Entries shown:
■ ■ ■ ■

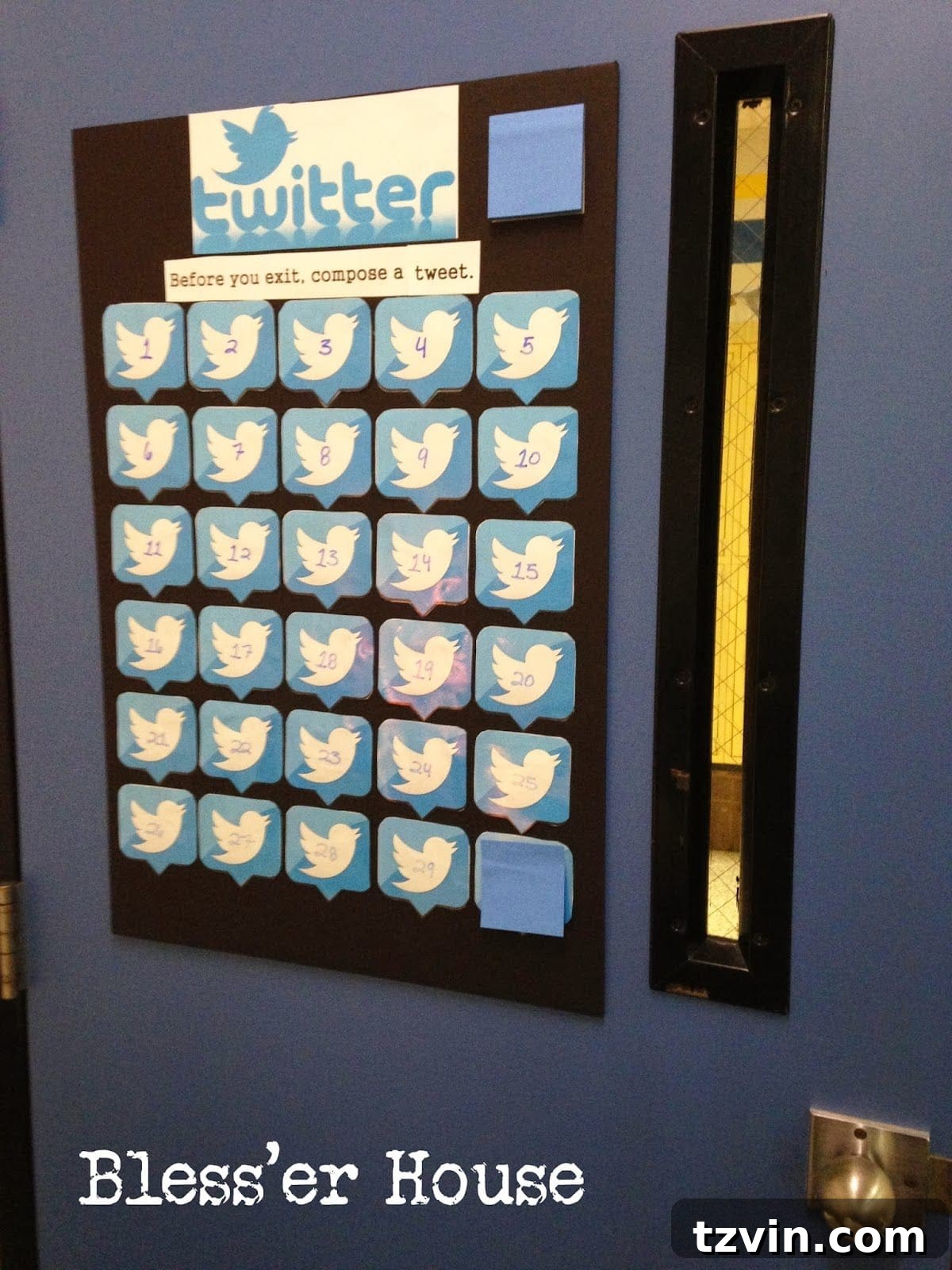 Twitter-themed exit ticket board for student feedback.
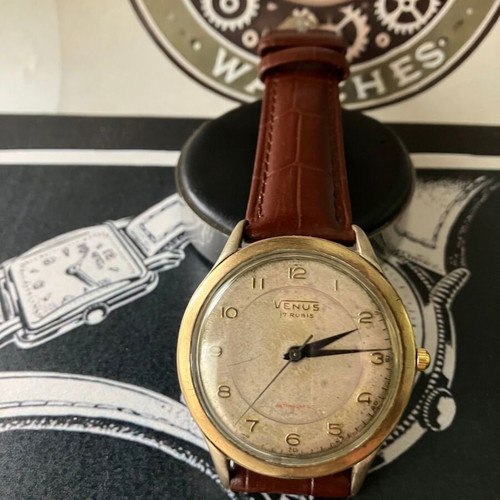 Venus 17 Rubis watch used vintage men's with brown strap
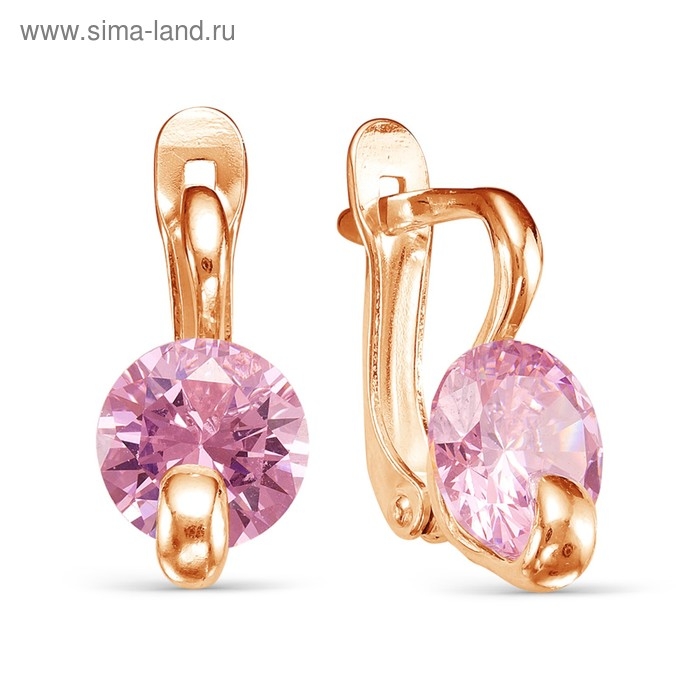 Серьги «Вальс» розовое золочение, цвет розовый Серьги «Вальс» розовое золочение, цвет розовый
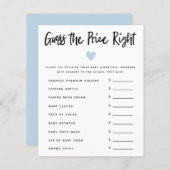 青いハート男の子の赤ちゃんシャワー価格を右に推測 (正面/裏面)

■ ■ ■ ■

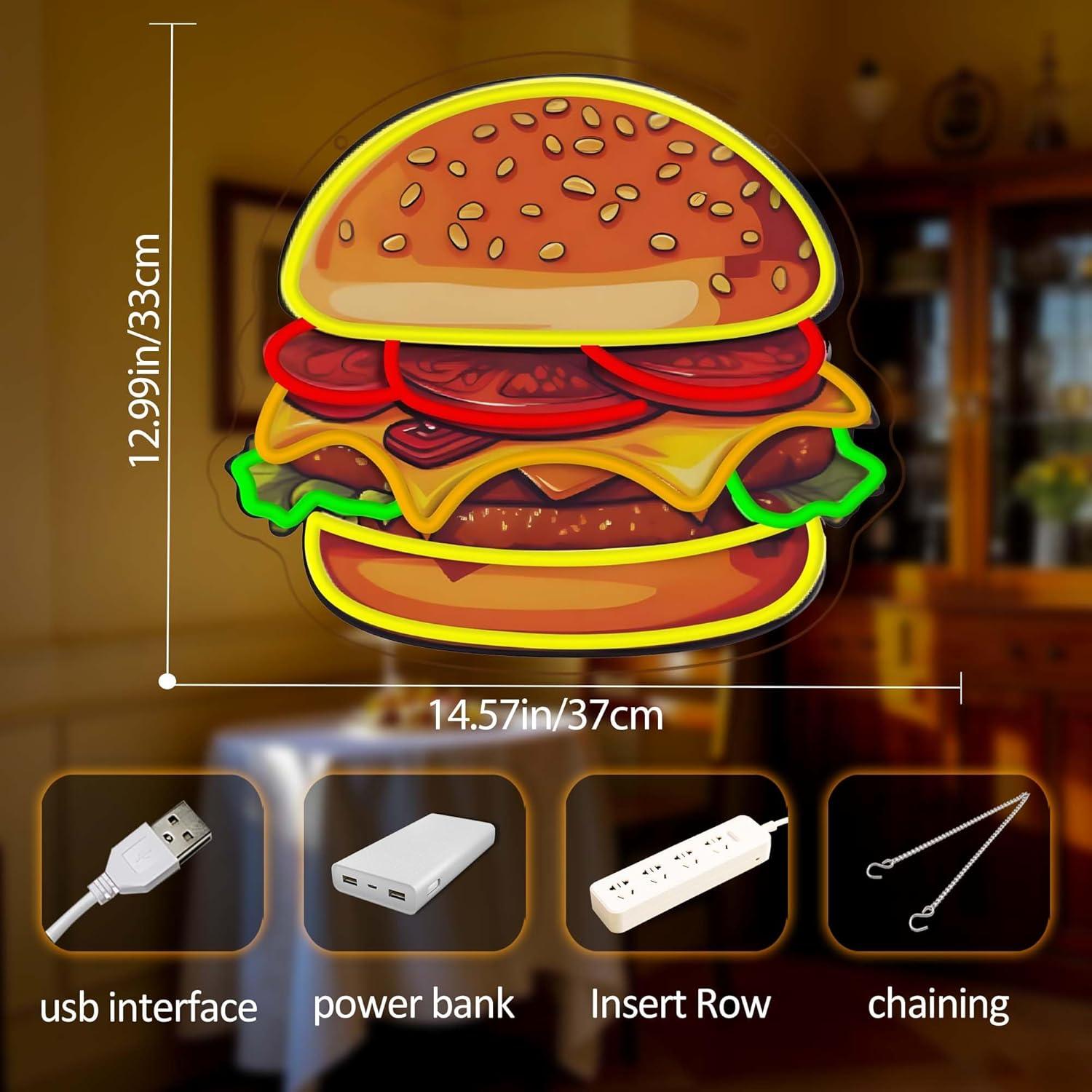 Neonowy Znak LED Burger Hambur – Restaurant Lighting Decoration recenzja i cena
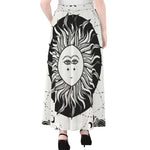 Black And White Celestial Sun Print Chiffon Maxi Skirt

■ ■ ■ ■

Problem:
Exactly reproduce the lines above, starting at the one that contains "Twitter-themed exit ticket" and ending at the one that contains "青いハート男の子の赤ちゃんシャワー価格を右に推測 (正面/裏面)", both inclusive; leave the pictures out and add no other lines.

Result:
 Twitter-themed exit ticket board for student feedback.
 Venus 17 Rubis watch used vintage men's with brown strap
 Серьги «Вальс» розовое золочение, цвет розовый Серьги «Вальс» розовое золочение, цвет розовый
 青いハート男の子の赤ちゃんシャワー価格を右に推測 (正面/裏面)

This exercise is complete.